<
>

Huracán-San Lorenzo, o el contraste entre el deseo del hincha y la realidad

¿Qué quiere el hincha cuando va a ver un clásico? Quiere, antes que ninguna otra cosa, ganar. Si no lo consigue, espera que su equipo juegue bien, o quizás que sus jugadores demuestren que han hecho todo lo posible por el primer objetivo, que es ganar. Anhela que lo demuestren de forma contundente, sin dejar dudas. Luego, recién en último término, en el fondo de la canasta de posibilidades deseables, aparece el módico deseo de no perder.

Entonces, ¿por qué muchos equipos del fútbol argentino tienen las prioridades al revés a la hora de afrontar un clásico? Añoran, como principal meta, la evasión de la derrota. Quieren, antes que nada, no perder. Y luego, si la bondad implícita del juego le abre posibilidades que no buscaron, tal vez se encuentren con una victoria de ocasión.

En ese contraste se vivió el clásico de la Copa de la Liga entre Huracán y San Lorenzo. El pueblo de Parque Patricios llenó el estadio Tomás Adolfo Ducó una vez más, algo que ya se convirtió en costumbre a la hora de enfrentar a los de Boedo. Varias decenas de miles de personas llegaron con una ambición clara e indiscutible: ganarle a su histórico rival en el autodenominado "clásico de barrio más grande del mundo". Nadie caminó por Colonia hasta Amancio Alcorta o por Luna hasta Miravé con el afán de disfrutar de un prolijo empate. La espera y el respeto por este encuentro se honra con la irrenunciable aspiración de un rotundo éxito.

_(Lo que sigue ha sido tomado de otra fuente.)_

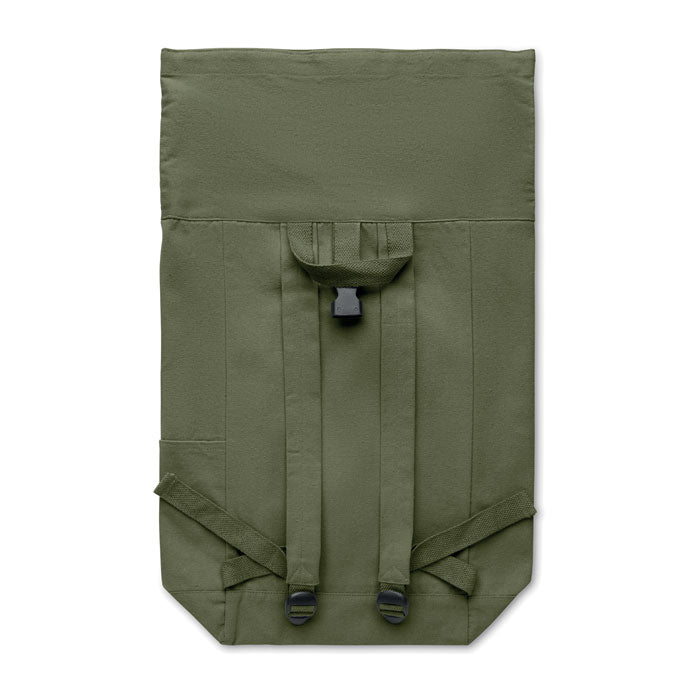 Roll Top Backpack 390 Gr/m² | KAMET - MO2552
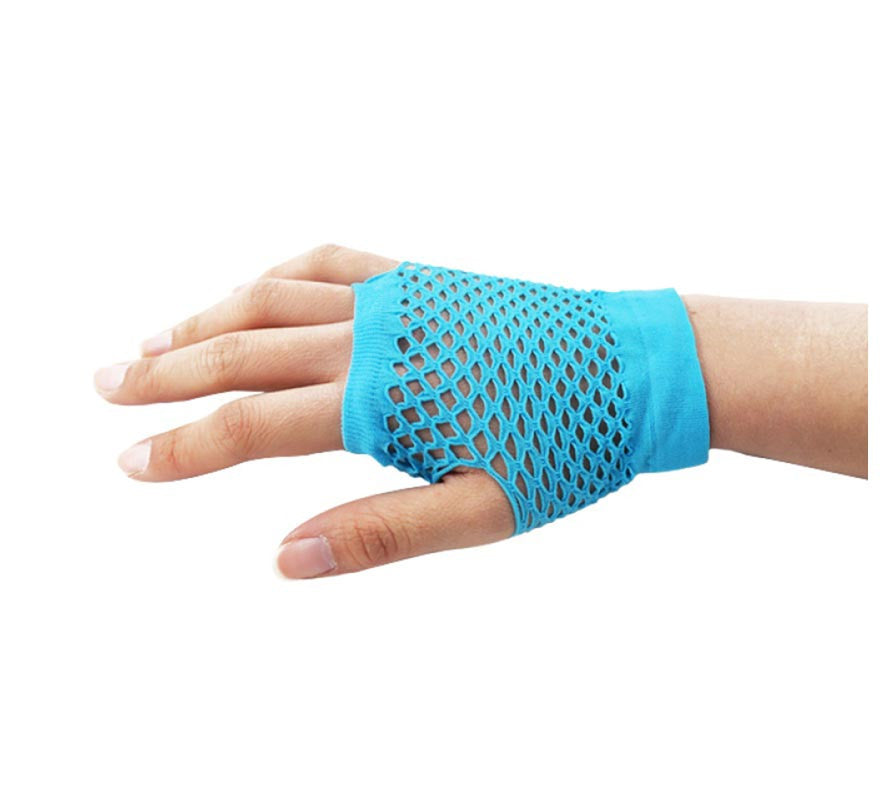 Translation missing: it.Guantes de Red Cortos en varios colores
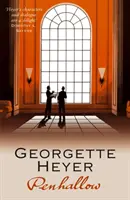 Penhallow (Heyer Georgette (Szerző)) - Penhallow (Heyer Georgette (Author))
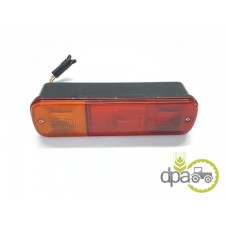 LAMPA SPATE STANGA SAU DREAPTA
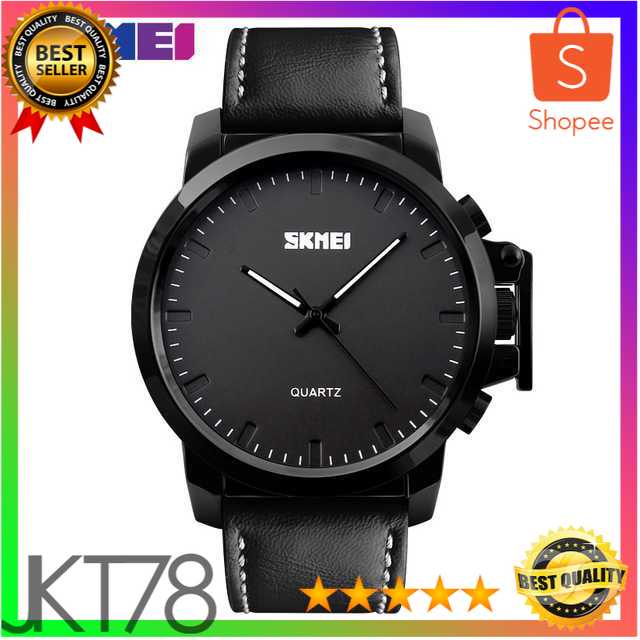 SKMEI Jam Tangan Analog Pria - 1208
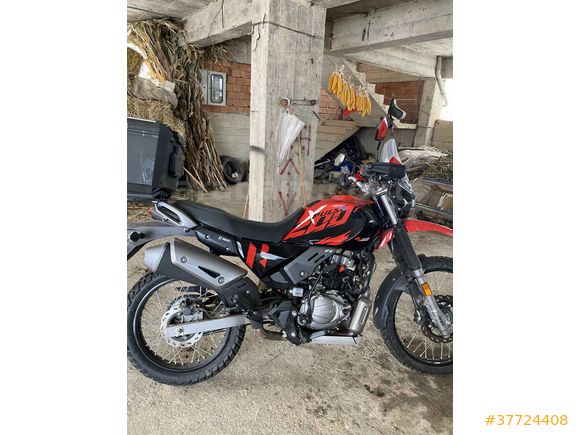 Sahibinden Hero XPulse 200 4V Pro 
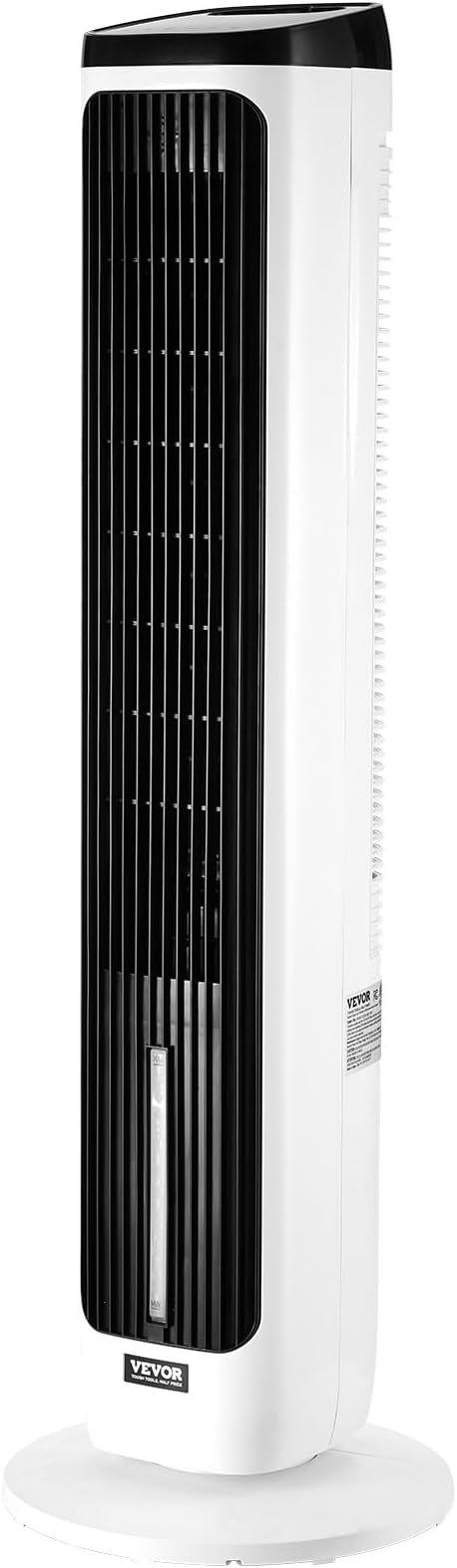 VEVOR Evaporative Air Cooler, Standing Fans that Blow Cold Air, 23.3ft/s 70°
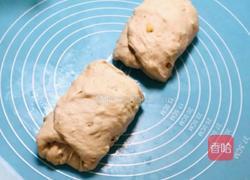 核桃软欧的做法图解12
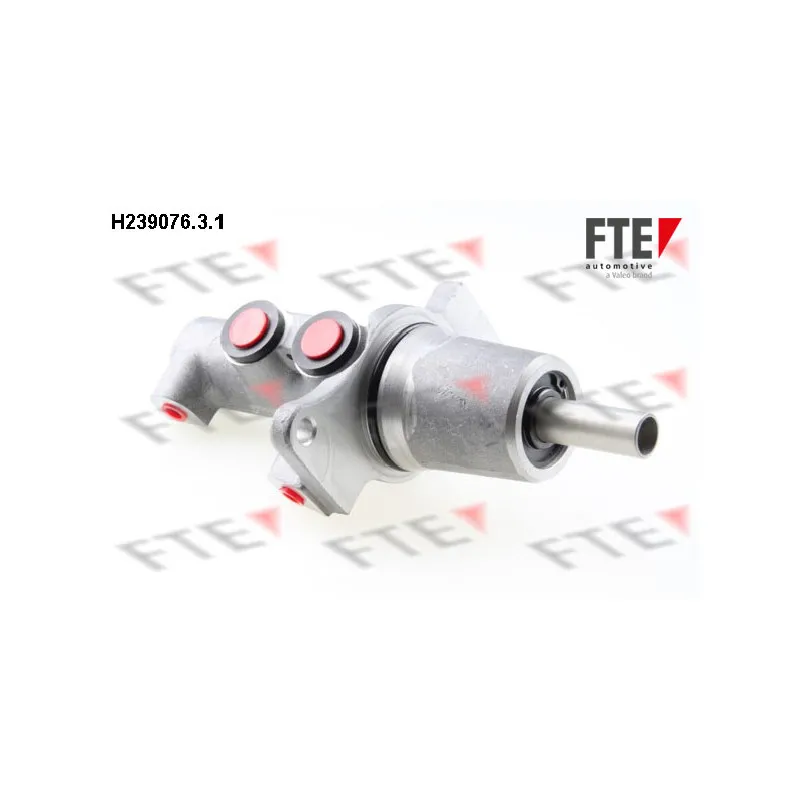 Maître-cylindre de frein FTE H239076.3.1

El duelo porteño tiene un presente mucho más parejo al que se presume. Todos los partidos de las Copas de la Liga y similares (Copa de la Superliga y Copa Diego Maradona) habían terminado igualados, aunque es cierto que en 2019 San Lorenzo eliminó a Huracán por penales tras dos 0-0. Además, de los diez anteriores duelos de Liga, cuatro ganó San Lorenzo, cuatro fueron empates y dos ganó Huracán. Es decir que los hinchas de Parque Patricios ya no ven la victoria como algo lejano y ajeno.

"Esta tarde cueste lo que cueste, esta tarde tenemos que ganar", cantaron las cuatro tribunas desde una hora y media antes del comienzo del partido. "Tenemos que ganar" dice, sabia, la canción. No grita "tenemos que tratar de no perder". El hincha va por todo, siempre. Sueña lo máximo. Más aún el hincha del fútbol argentino. Aquí el sueño es salir campeón. Para los cinco grandes o para los que recién llegan a Primera.

El pueblo de Huracán conoce las limitaciones de su equipo, los problemas del presente y las dificultades que terminaron en la salida de su entrenador Facundo Sava. Ellos son víctimas y victimarios de las urgencias de este tiempo. Pero al mismo tiempo saben que el fútbol es generoso y que un plan ambicioso a veces alcanza para conseguir resultados que se festejarán por años. Esa es otra de las razones por las cuales el triunfo es el gran objetivo: porque es tan grande el premio, que vale la pena arriesgarse.

Sin embargo, los profesionales muchas veces piensan lo contrario. Si hay mucho para ganar, significa hay aún más para perder. Y allí es cuando aparece el principal enemigo del buen fútbol: el miedo. Es imposible jugar bien si se juega con temor a la derrota. Así no hay inventiva, no hay toma de riesgos, no hay asociaciones colectivas, ni arrestos individuales. Cada movimiento está condicionado por la posibilidad mortal de la derrota.

No importa quiénes jueguen, ni los sistemas tácticos o las estrategias. Si el miedo irrumpe, no hay salvación. El pavor adquiere diferentes formas, como esos monstruos proteicos de algunas historias terroríficas. Su forma más común es la cautela. Pero también se puede ver en la imprecisión, o en la exagerada vehemencia, que muchas veces viene disfrazada de valentía.

Este sábado, Huracán y San Lorenzo protagonizaron un 0-0 del que es casi imposible hablar en términos futbolísticos. Un empate en el que no hubo acciones positivas de juego. El visitante nunca quiso ir a buscar el área rival, mientras que el local tuvo mínimos arrebatos aislados sin lucidez ni inteligencia. Se cancelaron por temor.

Los cuerpos técnicos de ambos clubes se fueron con la sensación de la tarea cumplida: evitaron la derrota sin que importe cómo. Todo lo contrario ocurrió con el público. En los minutos finales, la gente de Huracán intentó empujar al equipo, que no acompañó ese aliento. La multitud se retiró en silencio, sin ofrecer aplausos ni reconocimiento alguno a sus representantes por haber cumplido con el deseo más insignificante de todos.